The Hugging Face dataset viewer is built around a tabular idea: one data point is one row, and features are columns. If it auto-detects many CSV files as belonging to one dataset split, it expects them to share one schema. Your graph data breaks that assumption because each graph is stored as two different tables with different columns. (Hugging Face)

Why the Croissant file is almost empty

On Hugging Face, generated Croissant metadata is built from the dataset-viewer / Parquet pipeline. The official Croissant example shows recordSet entries tied to Hugging Face–converted Parquet files for each config. So if the viewer cannot cleanly build the dataset first, the generated Croissant will often be thin or missing useful recordSet entries. (Hugging Face)
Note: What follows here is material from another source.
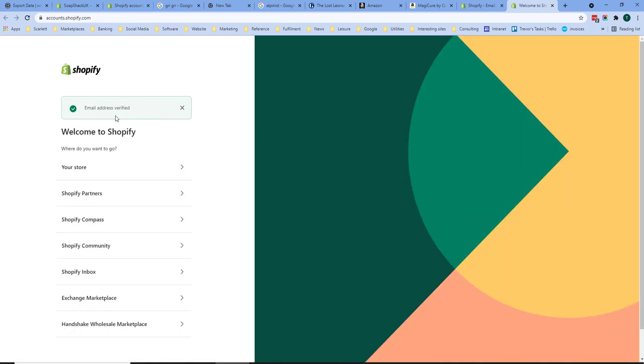The email address has now been verified. So the basic setup of the Shopify account has been completed. In the next videos we will be going through how to customize your store using themes, products and categories.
The real cause, in one sentence

Your dataset is not failing because it is a graph dataset.

It is failing because Hugging Face is currently reading it as one mixed CSV dataset with incompatible schemas. (Hugging Face)

The easiest fix

Tell Hugging Face explicitly that these are two separate dataset parts.

Use manual config in README.md, with one config for instances.csv and one for interactions.csv. The docs show that dataset configs use config_name, data_files, split, and path. (Hugging Face)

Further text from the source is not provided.